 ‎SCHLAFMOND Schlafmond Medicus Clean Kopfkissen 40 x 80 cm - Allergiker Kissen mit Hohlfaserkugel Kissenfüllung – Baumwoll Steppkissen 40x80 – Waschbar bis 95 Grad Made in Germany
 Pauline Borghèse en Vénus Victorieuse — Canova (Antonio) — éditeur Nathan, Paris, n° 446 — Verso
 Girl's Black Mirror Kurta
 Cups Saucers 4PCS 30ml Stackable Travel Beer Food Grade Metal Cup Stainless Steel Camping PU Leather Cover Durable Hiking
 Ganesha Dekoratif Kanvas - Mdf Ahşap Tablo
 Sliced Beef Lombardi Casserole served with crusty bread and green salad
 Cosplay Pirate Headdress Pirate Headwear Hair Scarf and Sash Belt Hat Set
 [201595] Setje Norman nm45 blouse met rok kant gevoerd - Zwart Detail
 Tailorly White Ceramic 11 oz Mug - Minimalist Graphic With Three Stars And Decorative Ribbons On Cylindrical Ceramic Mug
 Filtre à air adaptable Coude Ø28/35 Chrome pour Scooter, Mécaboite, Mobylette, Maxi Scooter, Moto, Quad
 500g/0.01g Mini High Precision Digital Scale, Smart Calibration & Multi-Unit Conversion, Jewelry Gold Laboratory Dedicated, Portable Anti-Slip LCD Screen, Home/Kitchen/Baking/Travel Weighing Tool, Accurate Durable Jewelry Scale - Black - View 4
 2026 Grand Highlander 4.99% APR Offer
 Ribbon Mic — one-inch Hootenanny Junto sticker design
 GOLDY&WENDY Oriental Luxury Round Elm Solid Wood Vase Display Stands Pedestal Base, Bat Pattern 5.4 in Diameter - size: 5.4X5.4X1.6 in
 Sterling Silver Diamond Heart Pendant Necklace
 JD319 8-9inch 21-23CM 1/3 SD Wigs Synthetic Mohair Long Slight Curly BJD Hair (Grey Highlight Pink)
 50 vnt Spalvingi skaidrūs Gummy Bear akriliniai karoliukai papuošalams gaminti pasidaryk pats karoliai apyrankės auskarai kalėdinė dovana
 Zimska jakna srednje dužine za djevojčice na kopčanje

> To do
Filter the records for lines holding the string "Hair". Copy each one.

> Response below
 Cosplay Pirate Headdress Pirate Headwear Hair Scarf and Sash Belt Hat Set
 JD319 8-9inch 21-23CM 1/3 SD Wigs Synthetic Mohair Long Slight Curly BJD Hair (Grey Highlight Pink)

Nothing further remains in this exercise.